The event, held in a grand ballroom of the Westin St. Francis in San Francisco, was swarming with beautiful women in flowing-colorful ball gowns, fur throws and glittery jewelry. Men wore crisp suits and shiny shoes. The mood was jovial, celebratory and, overall, fun.
During a wine reception and silent auction, guests nibbled on Blowfish Sushi and Tsar Nicoulai Caviar, sipped wine and champagne, and enjoyed a classic live jazz band. Clusters of people spoke rapidly and excitedly in Russian.
Next, in the main ballroom, we were seated at circular tables laden with dishes — chilled cucumber and avocado soup, fresh vegetables, blintzes and tiny challahs. It was beautiful and almost overwhelmingly glitzy. But then something happened that reminded me of the importance of the night.

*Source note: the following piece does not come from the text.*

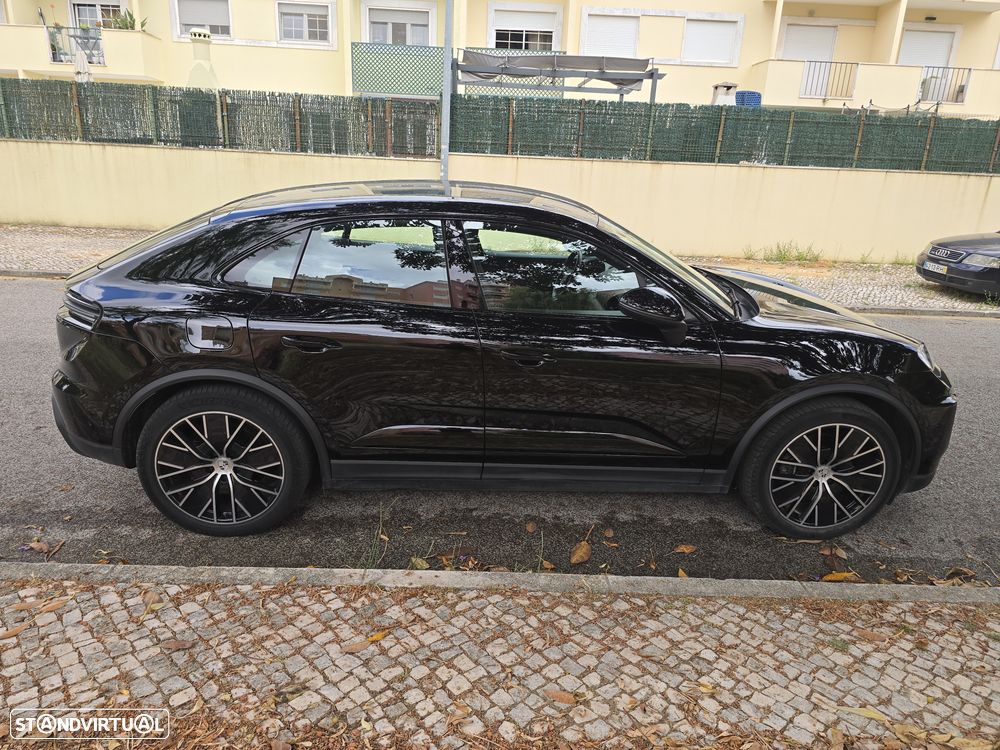 Porsche Macan Electric - 7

Following a joyful Havdallah by Rabbi Peretz Wolf-Prusan, JFCS associate director Gayle Zahler introduced a video presentation about the history of the organization. The video chronicled 160 years of JFCS help and 10 years of émigré galas with old photos and interviews with key players. It showed newly immigrated Jews finding a place, a community, and people who’ve benefited over the years from the program. It was a great reminder of why we were there, why the organization is so important.
Following the video, KGO radio talk show host and author John Rothmann and human rights activist Natan Sharansky gave impassioned speeches. During Sharansky’s talk, “A Vision for Jewish Peoplehood,” the former Soviet refusenik discussed a need for young Jews in the world to have pride in their culture.
In between speeches, we danced. We danced the hora, and we danced to live Russian music — along with popular-culture hits — performed by Bremen’s Band. Later, singer-pianist Vanessa Carlton, whom you may remember thanks to her monster 2002 hit “A Thousand Miles,” filled in for Russian-born singer Regina Spektor, who fell ill. When Carlton took the stage she told the crowd how much it meant to her to be there — she, too, is of Russian-Jewish descent.
It was a wonderful end to a wonderful evening for me. While others stayed late into the night and danced to other performers, I dragged my tired self home, reflecting in the cab ride back to my Alamo Square apartment on what I’ve missed all these years, never really knowing the Russian culture of my family. But now I have a good idea of where to start: with the last living great-aunts and great-uncles of my grandparents’ generation, my octogenarian relatives still living in the Fairfax District of sunny L.A.